His disclosure that he volunteered as a 15-year-old to fight for Nazi Germany and was called up by the Waffen SS in early 1945 has triggered a storm of controversy, along with demands that Grass return such honours as the 1999 Nobel Prize and honorary citizenship of Gdansk.
Questioned by Deutsche Presse-Agentur dpa, Grass refused to comment on his revelation, saying "If I started, I'd never be able to stop commenting."
Eastern Europeans were shocked at Grass's association with the atrocity-scarred Waffen SS, the Nazi Party's private army.
Grass's first and most famed fictional work, The Tin Drum, describes Nazi influence in Danzig, now the Polish city of Gdansk.
In Germany, where most men over the age of 75 served the Nazis in some way, the criticism focussed on why Grass inspired a generation to expose closet Nazis while concealing his own teenage misdeed.
Newspaper editorialists Monday applied German's rich vocabulary to describe moralizing, sanctimonious goody-goodies.
Charlotte Knobloch, president of Germany's national council of Jews, said, "He set himself up as the purist, moral thunderer."
In her remarks, to appear Thursday in the mass circulation Bild, she said, "He fiercely criticized politicians and society over their Nazi past. All those years of silence about his own SS past makes all that talk absurd."
While Grass was roasted by the media and centre-right parties that have suffered under decades of Grass's contempt, many elderly authors sprang to their old friend's defence, saying it was never too late to come clean.
Grass said his memoirs up to 1959, to be published next month, would explore in detail how the shameful secret had tortured him.
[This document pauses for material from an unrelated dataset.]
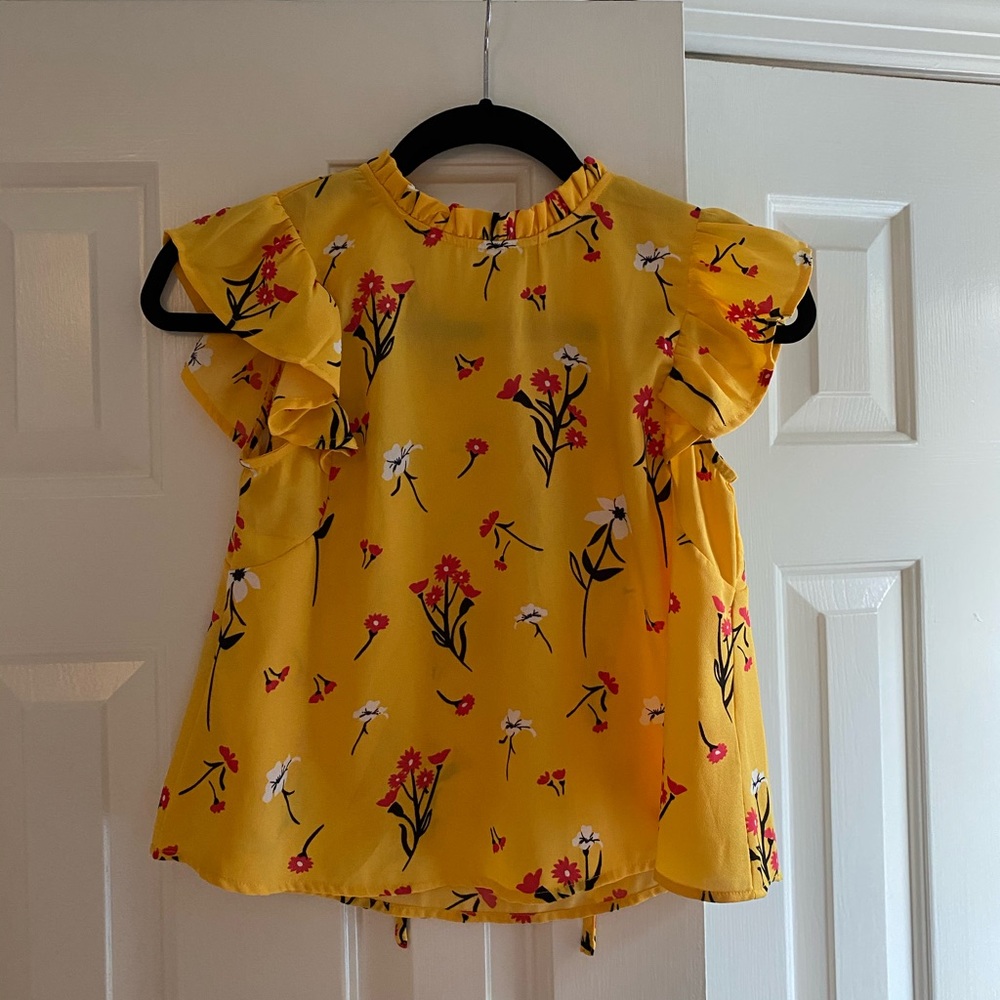 Very cute bright, flowery blouse!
He reiterated that he had never fired a shot while in the Waffen SS, an army that was originally only open to the most fanatical Nazis, but by 1945, as defeat loomed, accepted anyone it could get.
Describing his hurt, Grass said, "Some people are trying to blackball me. I'm so glad that other voices do not agree with them. I can only hope that all the commentators read my book."
The book, Peeling the Onion, set to be published September 1, would describe his youthful enthusiasm for the Nazis with total honesty. The publisher denied the disclosure was a publicity stunt to sell more books.
"We were surprised at this response," said a spokeswoman for Steidl Verlag.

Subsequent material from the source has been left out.